Now, to the food. The menu read gloriously! There was pretty much everything that makes autumn great, and the dishes looked very Chapel- or Ducasse-like. So far so good. Price-wise it was rather fair too: 5 courses were charged at no more than £55, which is pretty competitive. Furthermore, you are able to pick from 5 different parts and compose a menu of your choice. That is a refreshing concept, and dare I say it sounded great. We chose and off it went.
First up came a little set of amuses, all of which were very tasty, and seemed to look quite promising. Things looked good.
My first course was Gauthier’s signature risotto with chicken jus and truffles. This was much better than I would have imagined. The truffle was there, if not quite as pungent as a black or white truffle would have been, the risotto seemed to be cooked properly and didn’t lack flavour. Very good.

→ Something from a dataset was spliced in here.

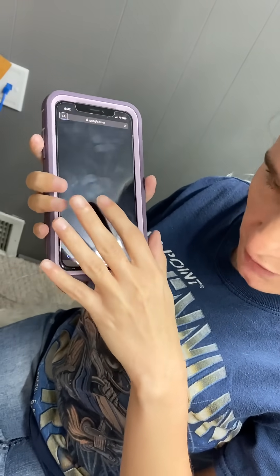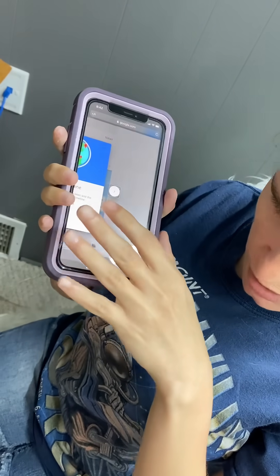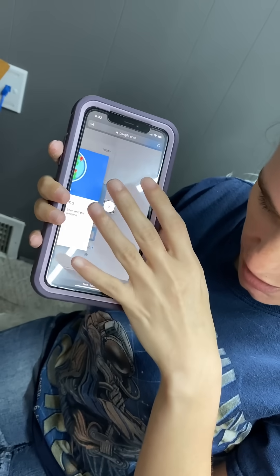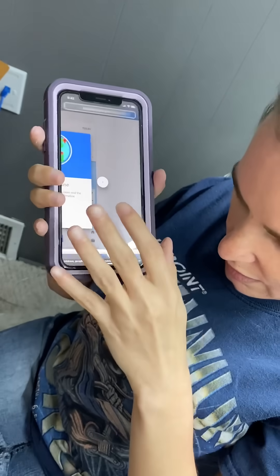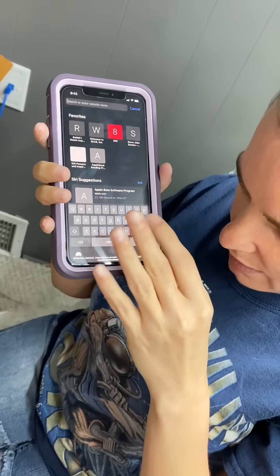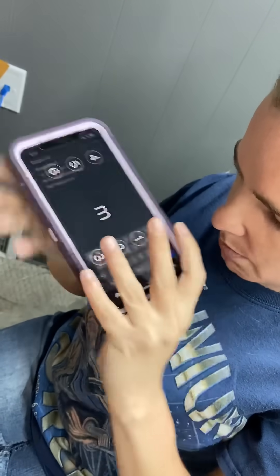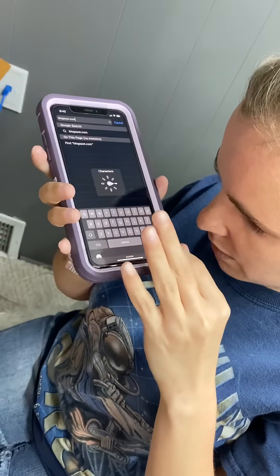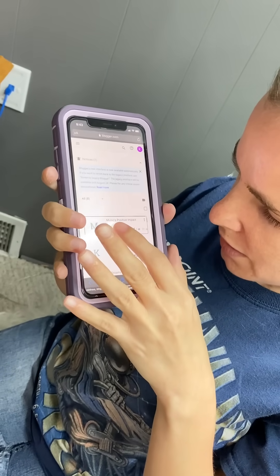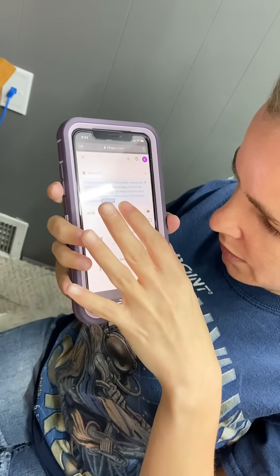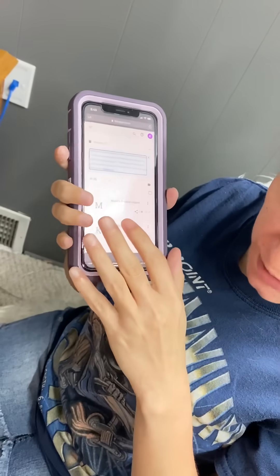So basically, it just reads whatever is on my screen, and then I can interact with it and double tap or triple tap or scroll using three fingers up and down. So yeah, that's basically how I would use my iPhone. Thank you.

Next up came a dish consisting of quail and eel with autumn vegetables. It read beautifully, but when it arrived, one had trouble finding the quail, which was perfectly cooked and tasty, but hidden underneath the collection of vegetables. The combination might not have been the best, but that was not the problem. Rather, it seemed more like a vegetable salad, which lacked seasoning and was totally overpowered by an acidic vinaigrette. Thus, the whole dish was disjointed and lacked coherence. Pity, as the eel was of fine quality and the quail more than tasty. Mediocre.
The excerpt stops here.